Daily Morning Press Review RSS Feed
There was no Greek bailout deal on Monday – eurogroup statement was essentially a lie
17.03.2010Germany continues to oppose an agreement; expects no deal at the summit either; Germany, Italy, Finland, and the Netherlands insist on IMF involvement; Germany is also cautious about granting loans, and specifically opposed to a credit pool, as this would violate the No Bail out rule, as well as domestic law; Zapatero listens to Brown and postpones a vote on hedge funds; Martin Feldstein says the Greek austerity plan will fail, prompting the country to leave the eurozone; Charles Dumas says Germany has been one of the most dismal economic performers, and is now exporting its low growth; Lawrence Boone says the falling euro will benefit Germany more than anyone else in the euro area, and worsen the imbalances; Martin Wolf, meanwhile, has coined a new term for the world’s two most notorious current account surplus countries: Chermany.

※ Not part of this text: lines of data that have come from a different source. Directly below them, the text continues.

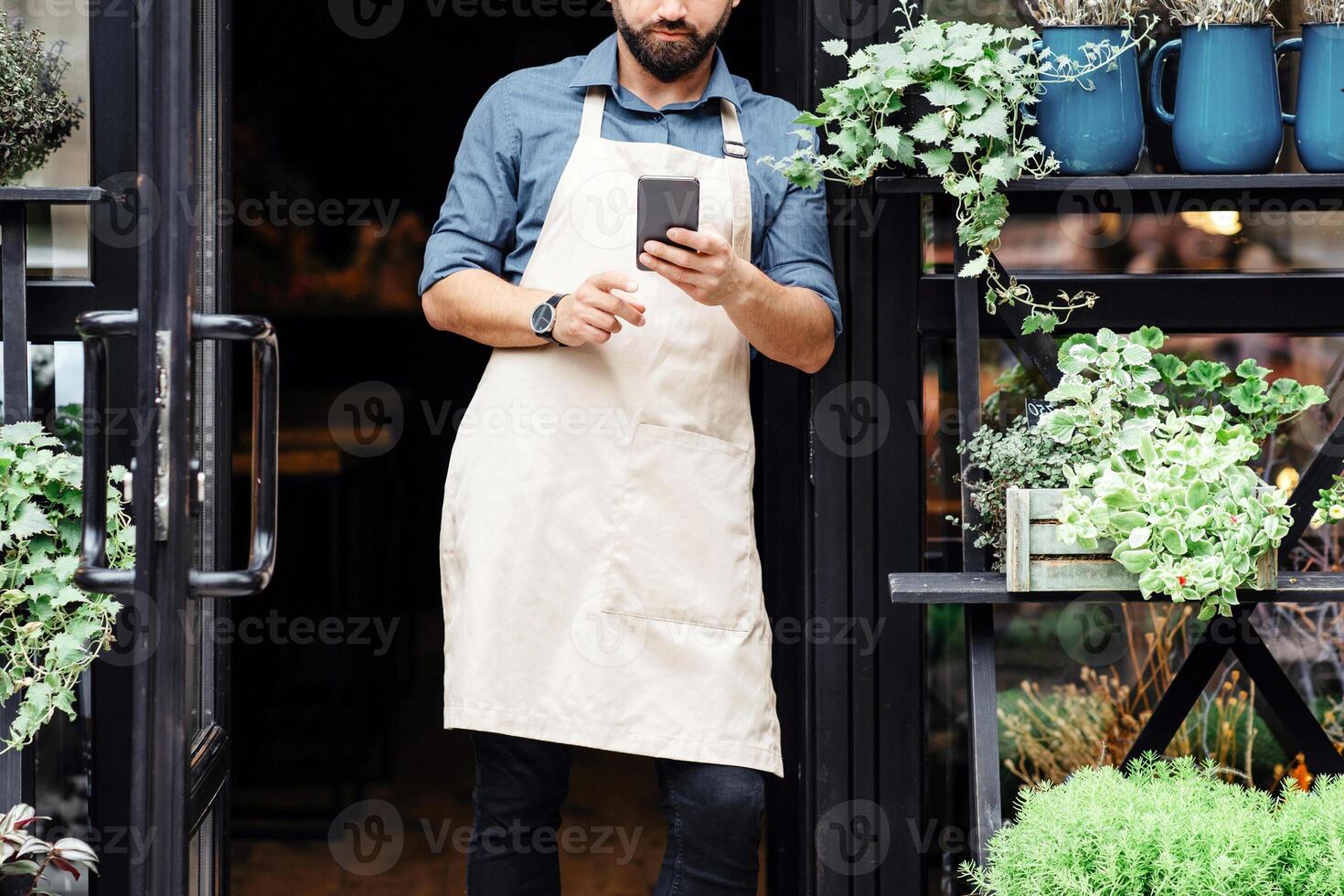 Online ordering of bouquet, selling plants in rustic floral studio. Serious young attractive bearded man in apron typing in smartphone in shop outdoor, with vases and different flowers in pots photo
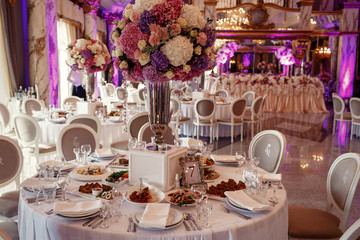 Table number 7 decorated with pink and violet hydrangeas and ser
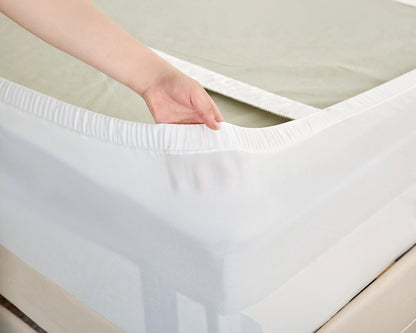 A close-up of a white fitted mattress Protector being pulled over a mattress by a person's hand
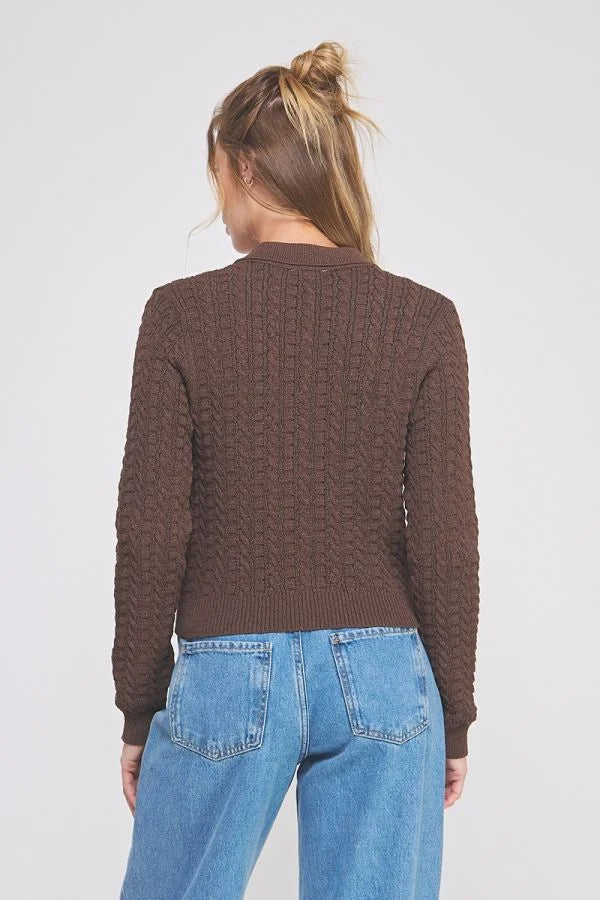Woman wearing a small cable knit button-down cardigan in brown fabric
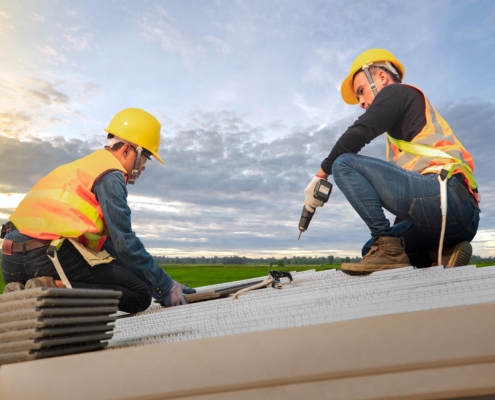 Two workers on commercial roof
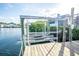Boat lift and dock on waterfront with lush greenery and clear skies above at 6509 Dolphin Cove Dr, Apollo Beach, FL 33572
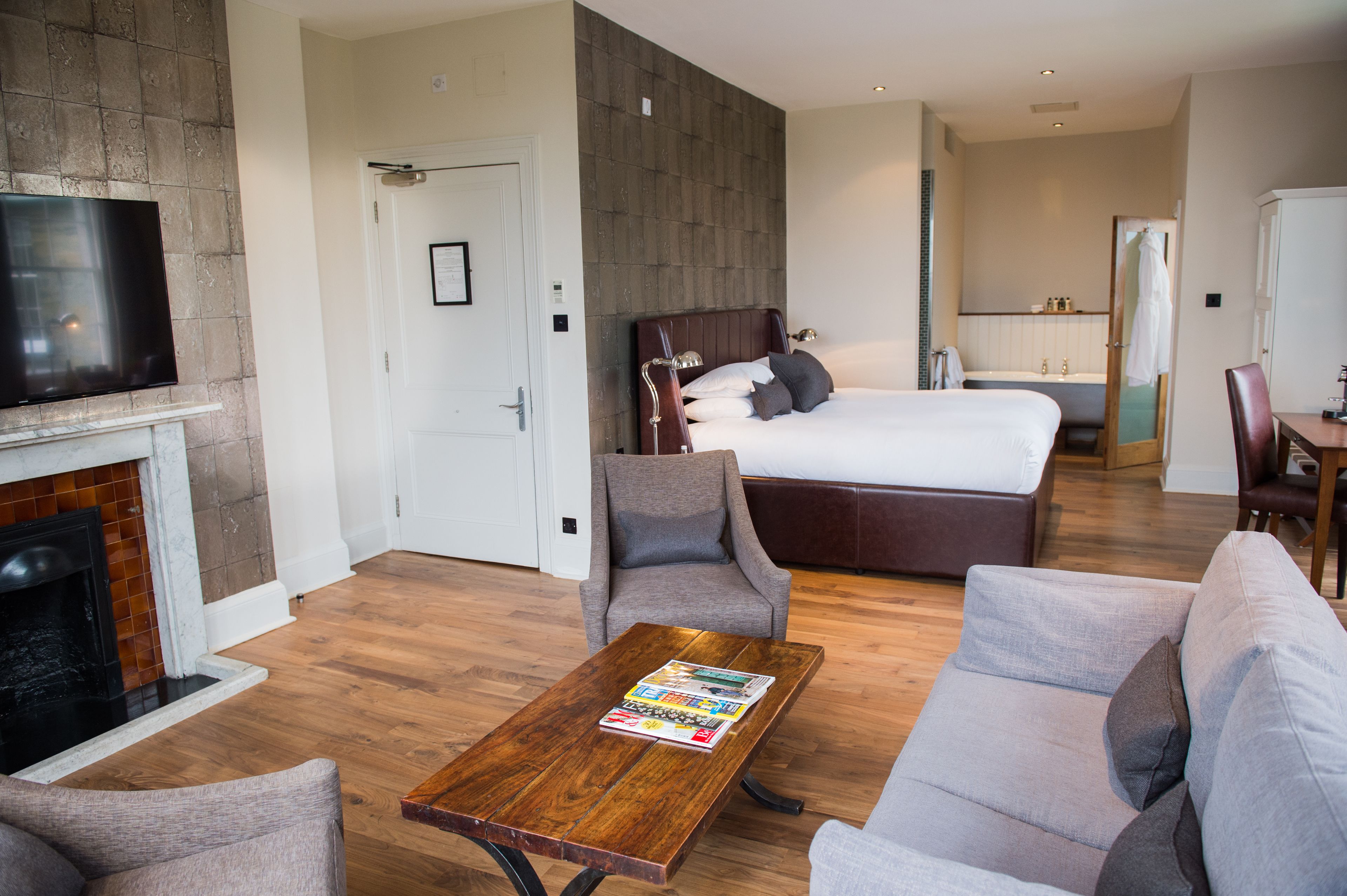 suite | egyptian cotton sheets, premium bedding, desk, blackout curtains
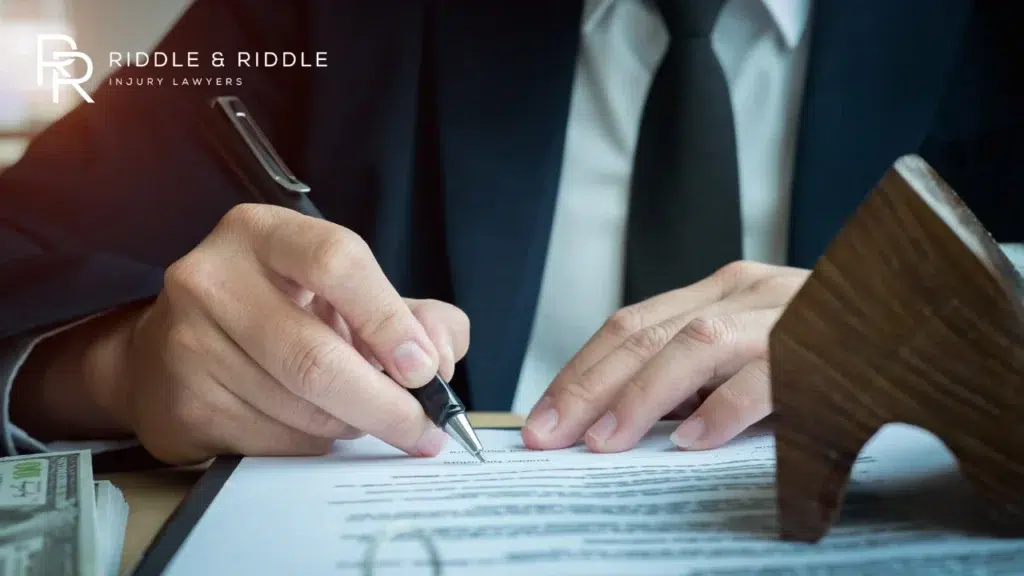 Close-up of a person in a suit and tie signing a legal document with a fountain pen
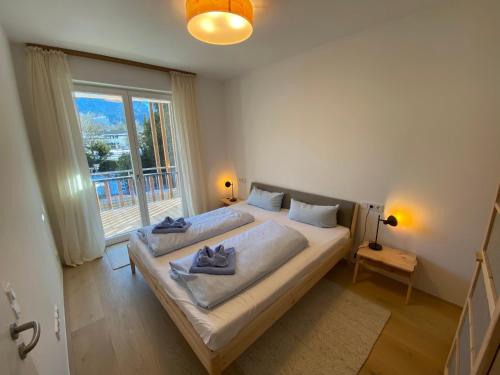 a bedroom with a large bed and a large window at LUNA Mountain Lodge Garmisch in Garmisch-Partenkirchen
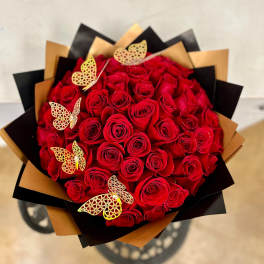 Bouquet of red roses wrapped in black and gold paper with butterfly accents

The deal is done – or is it?
16.03.2010Finance ministers announce that they have agreed on a package for Greece - except that all the details have yet to be worked out; what seems to have been agreed that any aid, should it be necessary, would come in the form of loans, not loan guarantees; ministers pretend that aid will probably not be needed; rating agency S&P expresses concern about the impact of the recession on Spanish banks; German official react furiously at Christine Lagarde’s criticism of Germany’s current current account surplus; Daniel Gros says Greece faces the choice between a long recession or a one-big large internal devalution; Lorenzo Bini-Smaghi comes out in favour of explicit bailout rules.
€55bn for a Greek bailout
12.03.2010Behind the scenes, the EU is working out the technical details for a Greek bailout; Berlin and Paris agree that Greece might need €55bn for bailout; Germany could be ready to contribute €20bn, preferably in forms of guarantees and purchases through KfW; First intervention might happen around Easter; Meanwhile, Germany promotes the EMF as a way to strengthening the stability pact and legalise euro exit; Huge disruptions through strikes against austerity measures in Greece; ECB critisises Spain over lack of concrete proposals to reduce deficit; Spanish banks are getting nervous about the failure to restructure the savings bank sector in Spain; conflicting new about whether the EU might be ready to use qualified majority to overrule British objections against hedge fund regulations; Critics, especially in the UK, say the current proposal is potentially protectionist; The EP has co-decision, and there are 1700 amendments already on the table.
Germany and France call on a ban on speculative trading in CDS
11.03.2010Merkel and Fillon reach agreement over CDS; both ask Barroso to launch a full investigation into the role of CDS in sovereign bonds in the EU; FT says Europeans are deflecting from their inability to deal with the Greek debt crisis; Geithner warns EU of a regulatory transatlantic drift if it goes ahead with hedge fund regulation; The French political establishment is neutral to mildly sceptical on the idea of an EMF; Greece is breasting for further strikes today; A majority of Greece fear that the recession will last many years; Luis Garicano says Spain has the potential to avoid the Greek fate, but only if it undertakes serious reforms; credit market valuation, meanwhile, return to their long-term average after the girations of the last few years.
It looks like they might really ban naked CDS
10.03.2010France, Germany and others are pressing for a fast-track resolution to clamp on derivatives trading; Papendreou says Obama is ready to discuss the issue at the next G20 summit; technical differences between France and German remain unresolved; according to one news report, the euro group/Ecofin is to make a declaration in support of an EMF next Monday; Axel Weber opposes the EMF plan as a detraction: it would be better to strengthen the stability pact; Christine Lagarde dismisses the EMF as “interesting” but not a priority issue; Fitch warns that France, UK and Spain may lose their tripple-A rating unless they step up consolidation; Deutsche Bank analysts are questioning whether government bond rates can continue to act as a risk-free benchmark; German conservative commentators are becoming increasingly paranoid and conspiratorial as euro area crisis progresses; Martin Wolf, meanwhile, argues that the only way for the euro area to become more German, is for Germany to become less so.